Here, we describe the formulation, lyophilization optimization and stability, lymph node targeting, and functional immune response of outbred CD1 mice to a matrix of Nano-UF6b and Nano-CpG (1018-ISS) vaccine co-formulations in comparison to the benchmark formulation of UF6b with AddaVax™, a squalene-based oil-in-water nano emulsion adjuvant, and summarize our insights into how formulations of this novel, disease-agnostic nanovaccine platform can immuno-potentiate existing as well as next generation malaria TBV targets in the future.

Materials and Methods

Materials

All organic solvents and hydrophobic IR-780 iodide (dye content ≥95%) were purchased from Sigma-Aldrich (St. Louis, MO, USA). PLGA20K-b-PEG3K-Maleimide (PLGA-b-PEG-Mal) and PLGA20K-b-mPEG3K (PLGA-b-mPEG) polymers were both purchased from PolySciTech® (West Lafayette, IN, USA). Spectra/Por™ 3 RC 3.5 kDa MWCO dialysis tubing was purchased from Repligen™ (Waltham, MA, USA). 100 kDa MWCO Amicon centrifugal filters were purchased from Millipore Sigma (Burlington, MA, USA). CpG-1018 ODN ISS (Sequence: 5’-thiol S-S C6-TGACTGTGAACGTTCGAGATGA-3’) with a phosphorothioate (PS) backbone was synthesized by TriLink Biotechnologies (San Diego, CA USA). UF6b peptide construct (Sequence: MCDLHLRTEIHRNERTFTGTVGIQLQVVQATDKLVMHNRGLVMSSAKVSSLPNGVTGAPTLIGDVQYSTDTTFEHITFTSPTILQPGTYLLEVAF
QGRLATNDDGFYVSSYVADNGERRYLAGSGGGGSGGGGSGDLHLRTEIHRNERTFTGTVGIQLQVVQATDKLVMHNRGLVMSSAKVSSLPNG
VTGAPTLIGDVQYSTDTTFEHITFTSPTILQPGTYLLEVAFQGRLATNDDGFYVSSYVADNGERRYLACGGSG) was synthesized by CellFree Sciences Co (Tsurumi-ku, Yokohama JPN).

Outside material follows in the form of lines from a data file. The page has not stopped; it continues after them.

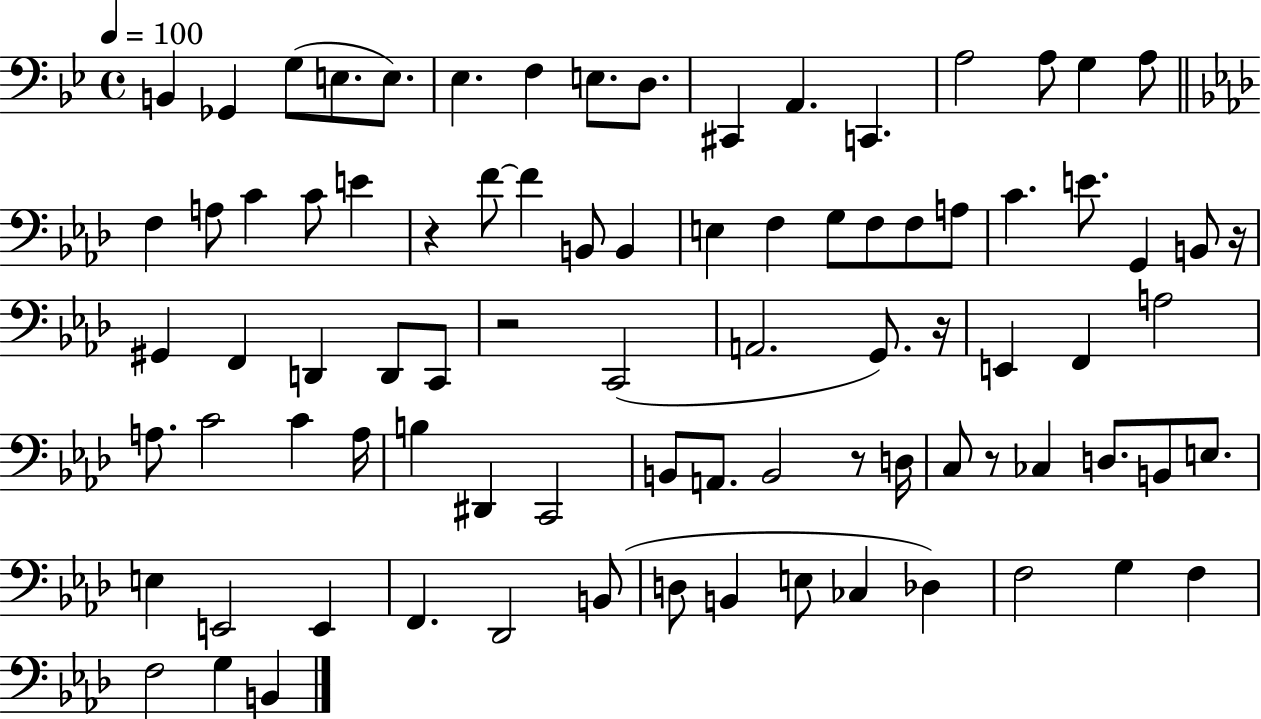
{
  \clef bass
  \time 4/4
  \defaultTimeSignature
  \key bes \major
  \tempo 4 = 100
  b,4 ges,4 g8( e8. e8.) | ees4. f4 e8. d8. | cis,4 a,4. c,4. | a2 a8 g4 a8 | \break \bar "||" \break \key aes \major f4 a8 c'4 c'8 e'4 | r4 f'8~~ f'4 b,8 b,4 | e4 f4 g8 f8 f8 a8 | c'4. e'8. g,4 b,8 r16 | \break gis,4 f,4 d,4 d,8 c,8 | r2 c,2( | a,2. g,8.) r16 | e,4 f,4 a2 | \break a8. c'2 c'4 a16 | b4 dis,4 c,2 | b,8 a,8. b,2 r8 d16 | c8 r8 ces4 d8. b,8 e8. | \break e4 e,2 e,4 | f,4. des,2 b,8( | d8 b,4 e8 ces4 des4) | f2 g4 f4 | \break f2 g4 b,4 | \bar "|."
}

PLGA-b-PEG Nanoparticle Fabrication

NPs were generated using a three-inlet, confined impinging jet FNP device. Two inlets contained distilled, deionized (DDI) water. The third inlet contained 1 mL of 10 mg/mL PLGA20K-b-mPEG3K with 78.5 mol % PLGA20K-b-mPEG3K and 21.5 mol % PLGA20K-b-PEG3K-Mal dissolved in tetrahydrofuran (THF). NPs of defined size were generated by modulating volumetric flow rates of the three input inlets using a NE-4000 Programmable 2 Channel Syringe Pump (New Era Systems, Inc., Farmingdale, NY, USA). For 30 nm NPs, a flow rate of 22 mL/min was used for all three inlets. The NPs generated through the device were collected in a water bath such that the total organic solvent was less than 10% v/v. The collected NPs were dialyzed against 4 L of DDI water in a 3.5-kDa MWCO dialysis membrane at 4°C with dialysate changes every 6 h for 18–24 h.

Preparation of UF6b Peptide and CpG-1018 ISS for Conjugation to NPs

To remove the 5’ C6 thiohexyl modification from the CpG-1018 ISS and to present a reactive thiol terminus for NP conjugation, 400 µL of 0.1 M TCEP in sterile RNase free water was added directly to the lyophilized thiolated CpG-1018 for 1 h to reduce the thiol groups under intermittent vortexing. After 1 h, 50 µL of 3 M Sodium Acetate was added and vortexed. 1.5 mL of absolute ethanol was added, the solution vortexed, and stored at -20°C for 20 minutes. The sample was then centrifuged at 12,000 rpm for 10 min. The ethanol was decanted and allowed to air dry in a sterile cell culture cabinet. The CpG-1018 ISS pellet was dissolved in 200 µL of sterile RNase free water and the sample concentration was obtained by measuring the absorbance at 260 nm. To reduce the terminal thiol(s) on the UF6b peptide, the UF6b peptide was treated with 10× molar excess of TCEP in DI water for 1 h at room temperature (RT) under intermittent vortexing. The excess TCEP was removed by dialysis of the UF6b peptide using a 3.5 kDa MWCO dialysis membrane and degassed 4L 0.1×PBS with 2 mM EDTA at pH 6.2–6.5 with changes every 3 h.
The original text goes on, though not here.